Spitters, the plain ones. No, the salt and pepper. Have you tried sweet chili? A quick meal of nothing special just fuel for the tank and then back at it, the dogs walked at an off ramp where a gravel road leads off into the snow. The detritus of a society on the move whipping in the west wind. Diapers. A shoe. Old Milwaukee empties. A crumpled up soft-pack. A flip-flop. There’s always a flip-flop. Then the road again. Interstate four-lane.
Trade off at the wheel, lost in an audio book and then a podcast and then another podcast and four hundred miles wash away under the tires. How, we wonder, did we ever do without them? With only an eight-track? Then a cassette? Then a CD player? How did we do without cruise control? Without chargers? Without iPhones? How was the road possible? Was it longer?
In the darkness, the end of the snow is not seen but the next time the dogs and their humans need to pee, there is no snow. Only greasewood and tumbleweed and the trash of the world on the move exposed to the wide open. Burger wrappers. A flip-flop.
On through the night. Zoned at the wheel, reflector posts become hitchhikers in the darkness then become reflector posts. A funny sign: Johnson Wash. Laughter edgy, crazy sleepless. Rumble strips thrum. Trade off, buy more spitters and coffee at the next stop. Forgot water. Suffer a bit, then forget water. Spitters and coffee.
Dawn is the desert.
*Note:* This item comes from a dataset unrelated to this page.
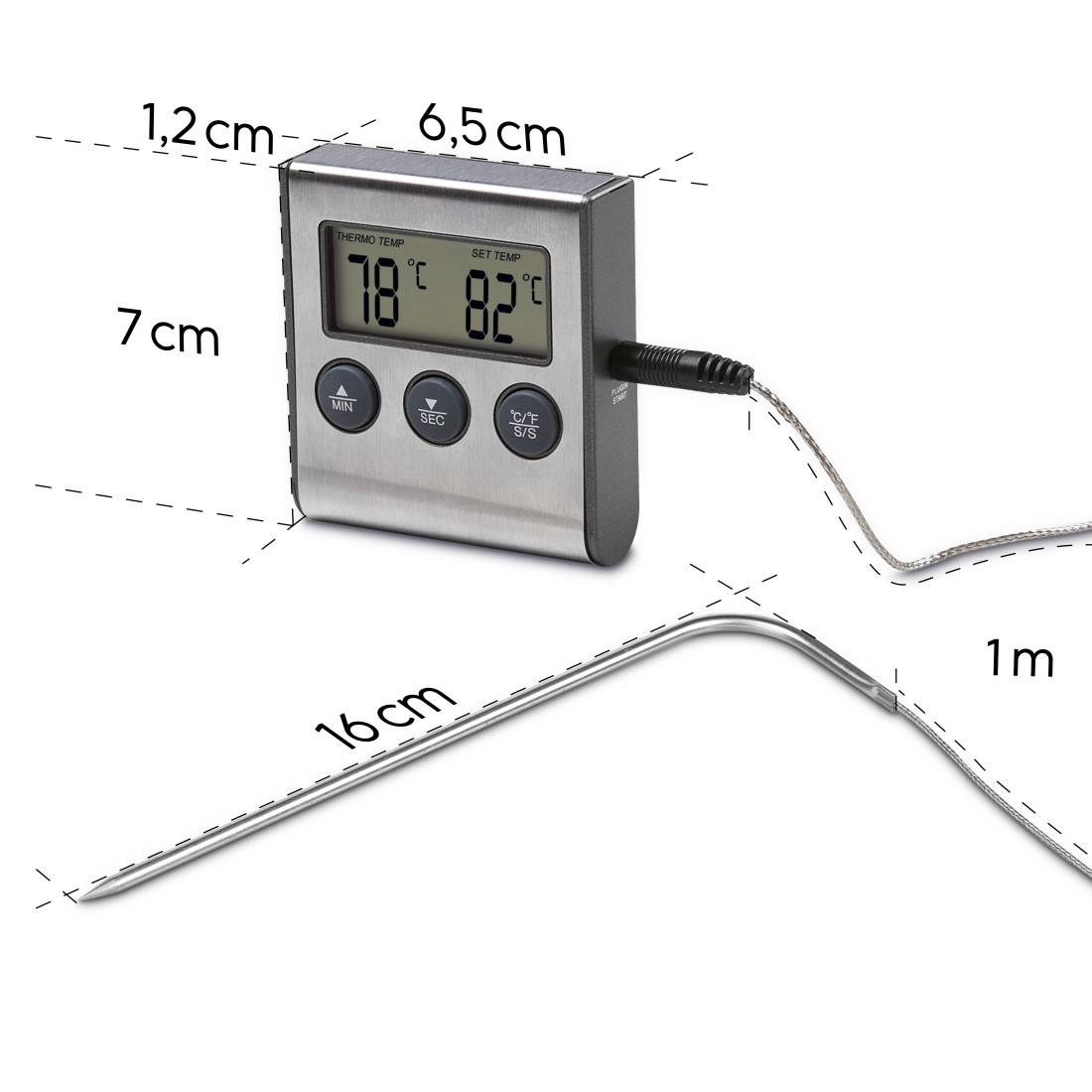 hama 00111381 Digitales Bratenthermometer mit Timer, Kabelsensor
Pastel dawn and cars and trucks with cactuses on their license plates pass. Flatbeds with lawnmowers instead of snow machines. Out there in the creosote, there are more birds flitting. A coyote on a ridge. Snow on distant peak, a frosting of it now instead of the entire canvas of the landscape whitewashed.
Up for some Mexican? Dreaming of eggs rancheros, Christmas style. No good Mexican food north of the Grand Canyon. But south the diet is all Mexican, all the time. Rellenos especially. But the first town has a Cafetería that doesn’t open until 8. There will be no waiting, no matter the measure of the gut-grumble. The breakfast burrito at the cowboy cafe is a bitter disappointment. The road again.
The road does not lead to food alone. The road leads to the quail and the last days of a long season that started up against Canada. The season will end with Mexico on the edge of it. Need a nap. But. We are here. Oak and grass and century plant skylined. We will hunt. Then sleep.